The FISA court process is unlike any other in this country. It calls for the government’s attorney to appear alone in secret before a specially designated judge in Washington, D.C. Instead of the typical adversarial process of the court room where parties battle over contested facts. The FISA courts allow for only limited scrutiny of the government’s assertions, because the judge only hears from the government. Court proceedings are closed and the court’s decisions are classified, and most of the people targeted receive no notice of the surveillance, even after it has ended. Needless to say, such a purposefully opaque process is ripe for corruption.

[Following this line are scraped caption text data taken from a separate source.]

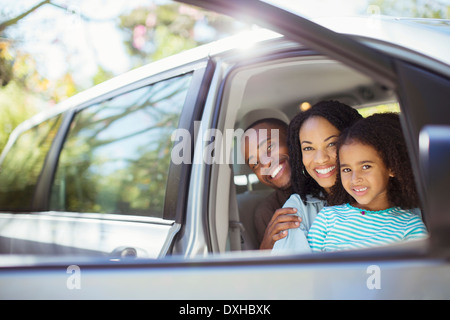 Portrait de famille heureuse à l'intérieur de voiture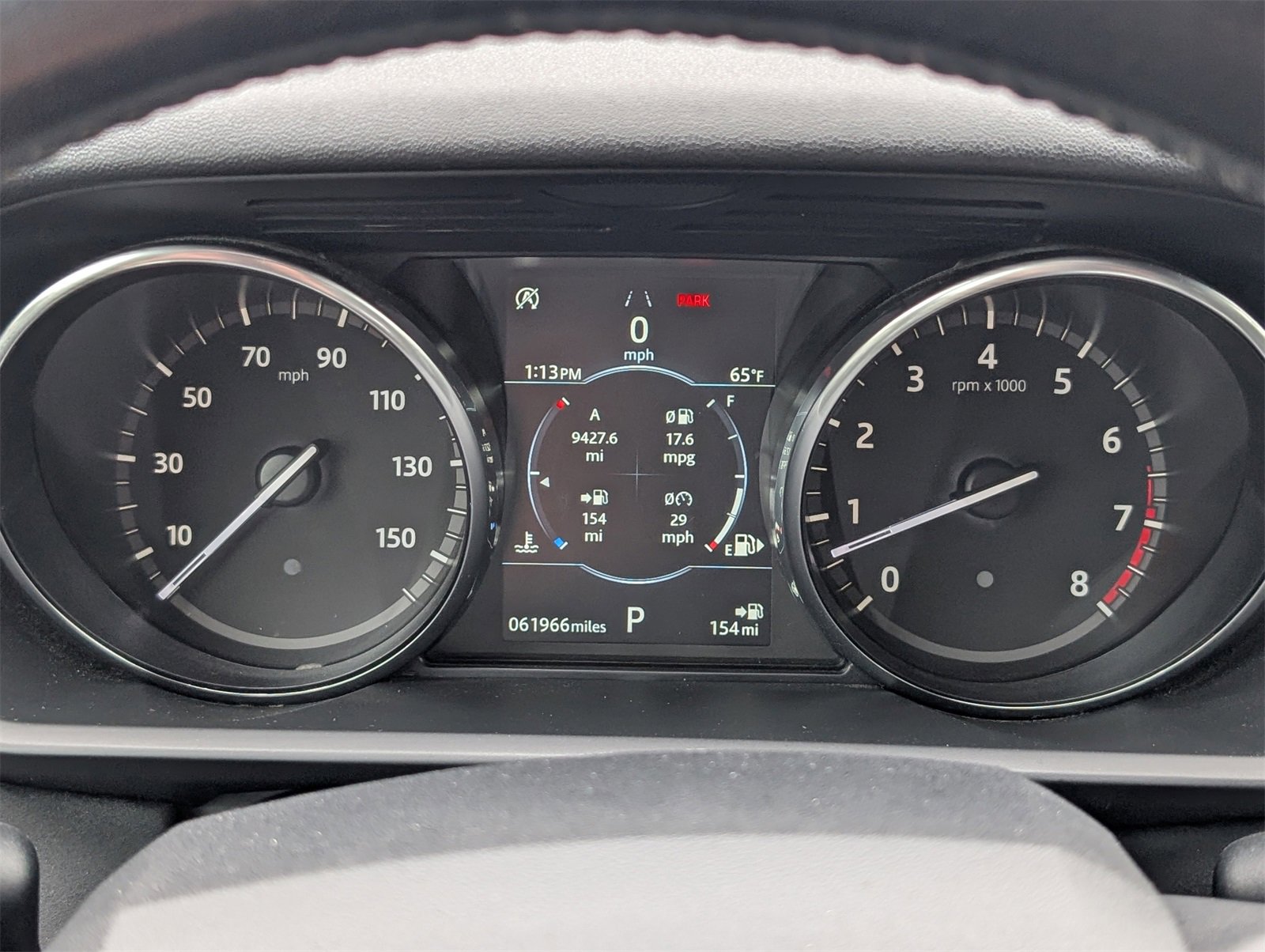 Used 2020 Land Rover Discovery SE image 25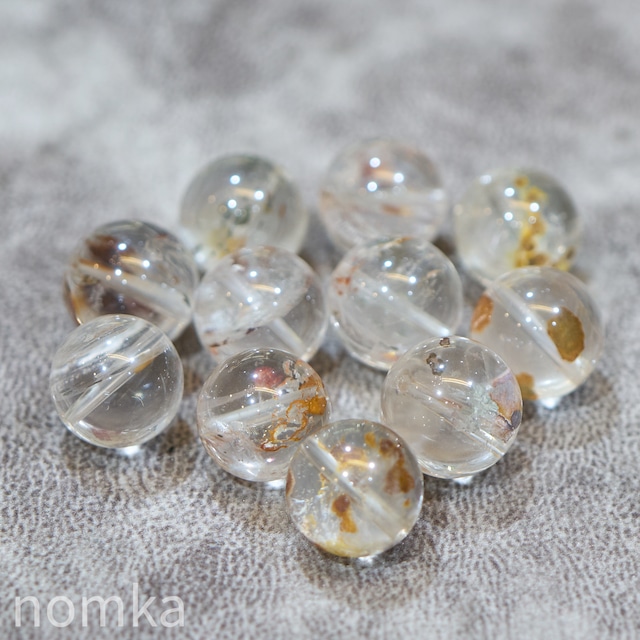 【水晶に咲く極彩の鉄華】ブラジル産 ヘマタイトインクォーツ (13mm) ビーズ／一粒売り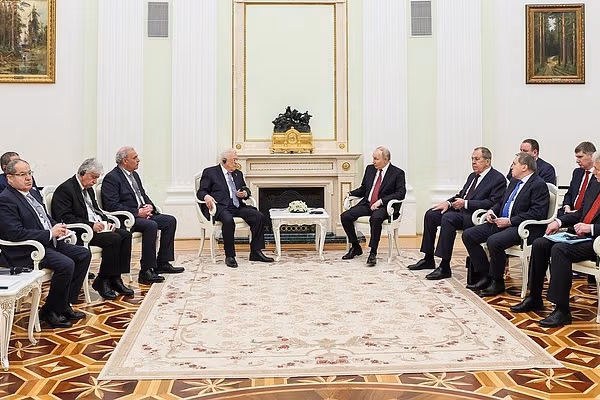 پوتین محمود عباس ته: روسیه د فلسطین د ګټو دفاع لپاره له «سولې پلاوي» سره یو ځای کېږي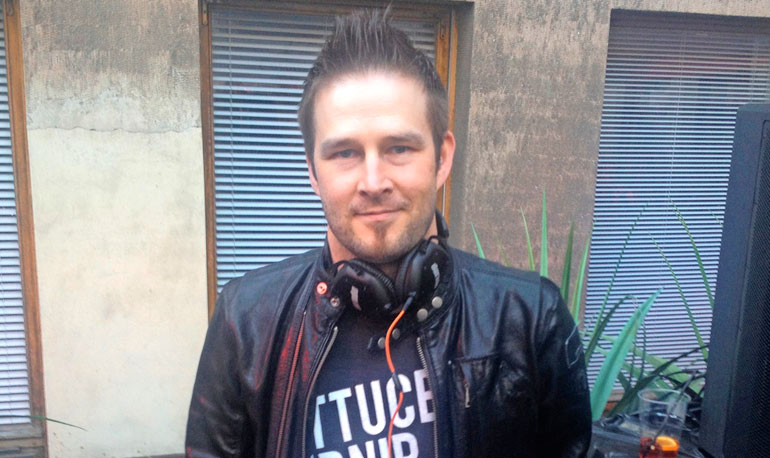 Darude Darude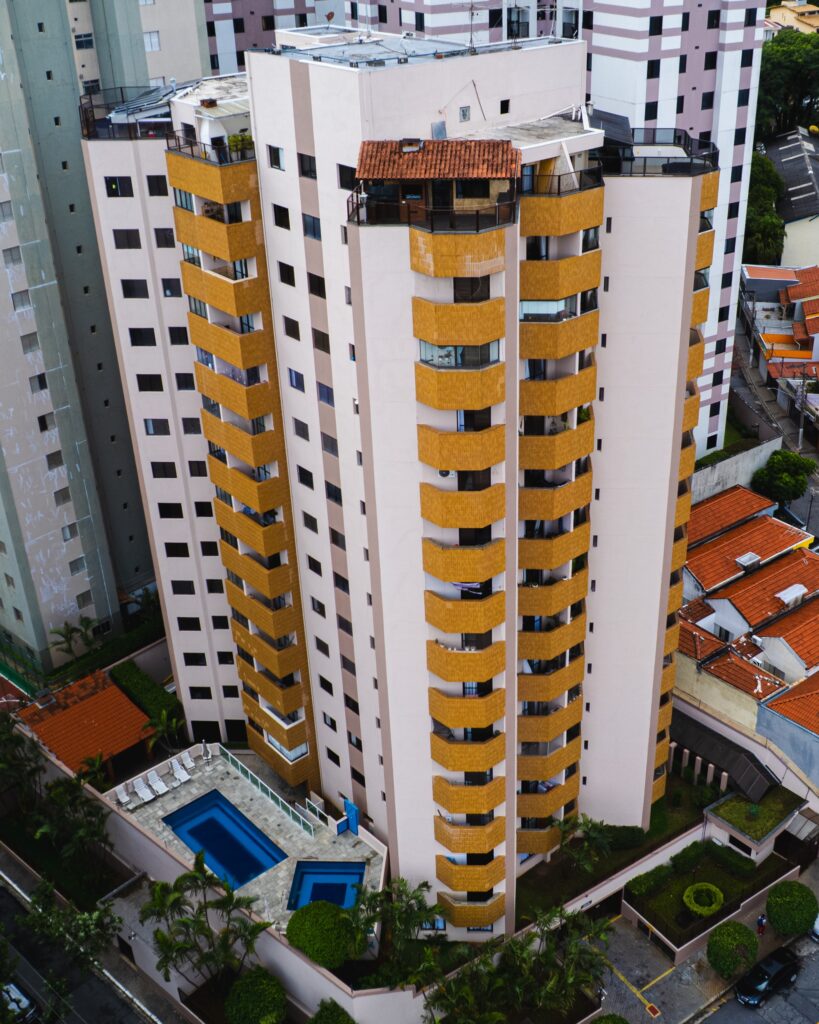 Fachada do Edifício Residencial Villas Boas depois da revitalização.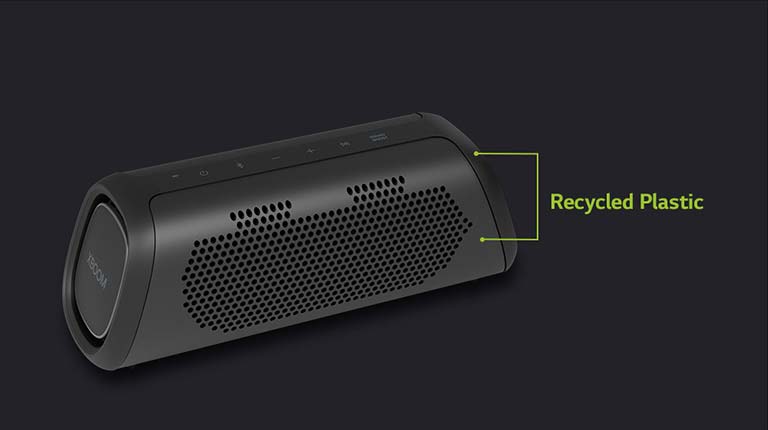 Hay una vista diagonal del altavoz, que muestra piezas recicladas.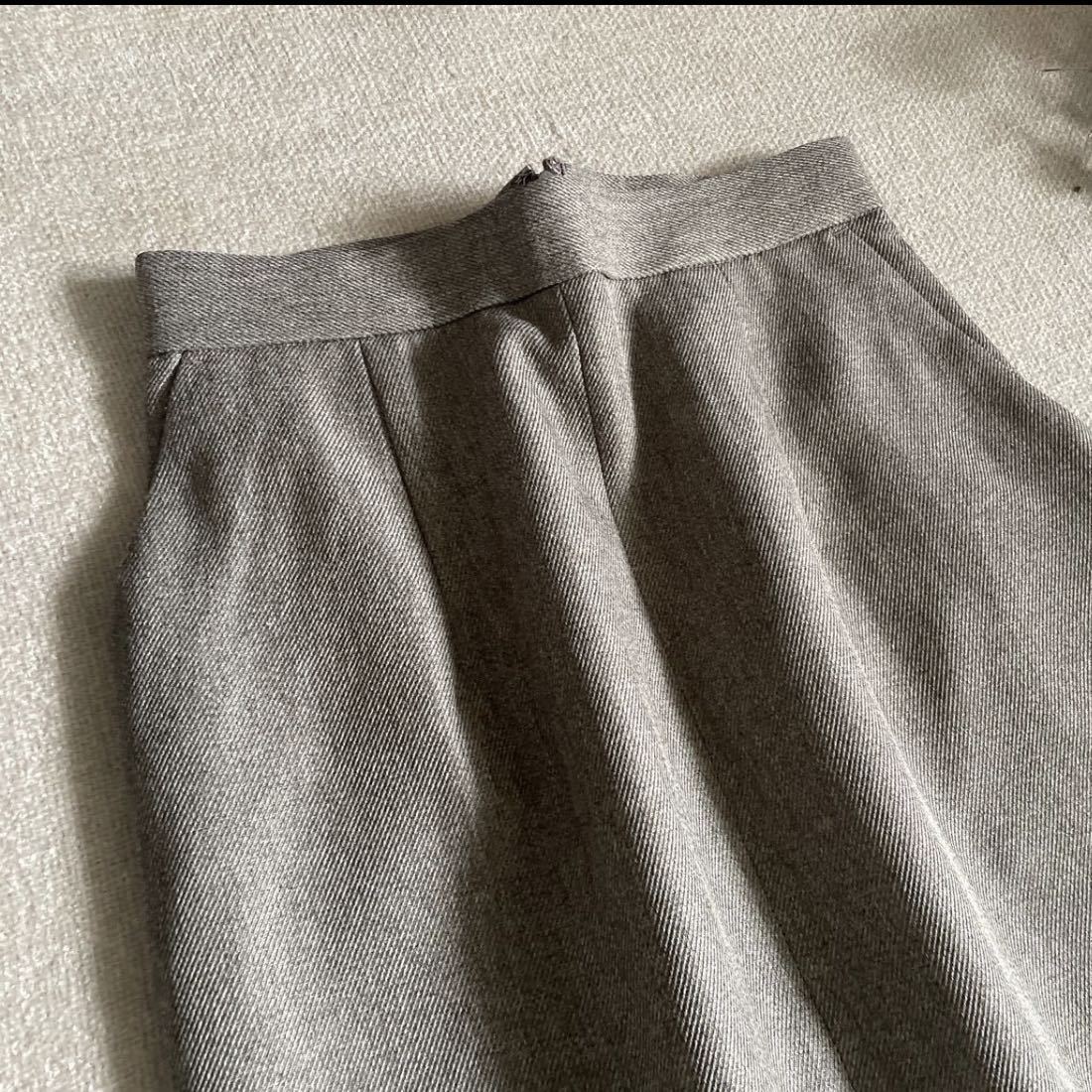 MOUSSY スカート　ロングタイトスカート　ボトムス　スカート　未使用　レディースサイズ1 グレー　ツイード　大人可愛い　美品　マウジー_画像4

Moreover, this process has been corrupt for many years. Government officials develop ‘a pretext to wiretap a foreigner or a target in contact with’ an American citizen they want to monitor and then ‘incidentally’ capture ‘the citizen’s information, too. Later, [they build] a case for ‘unmasking’ the US citizen’s name, supposedly for national security or other crucial reasons,’ writes journalist Sharyl Attkisson. Wiretaps today can include everything on the web from messages, to emails, bank accounts, photos, and social media, while incidental collection can include ‘anything picked up when a target is watched directly, through a bug, or by secretly activating his computer’s microphone and camera… Here’s the best part — for the bad actors. The US citizens are usually none the wiser. The surveillance isn’t intended to build a criminal case; it’s to collect dirt or political intel or blackmail material. So the corrupt process is never scrutinized in a US court.’

It’s easy to see how a process almost entirely lacking in public scrutiny or jurisprudence would become corrupt. Americans — and President Trump — should immediately demand an end to their government’s spying.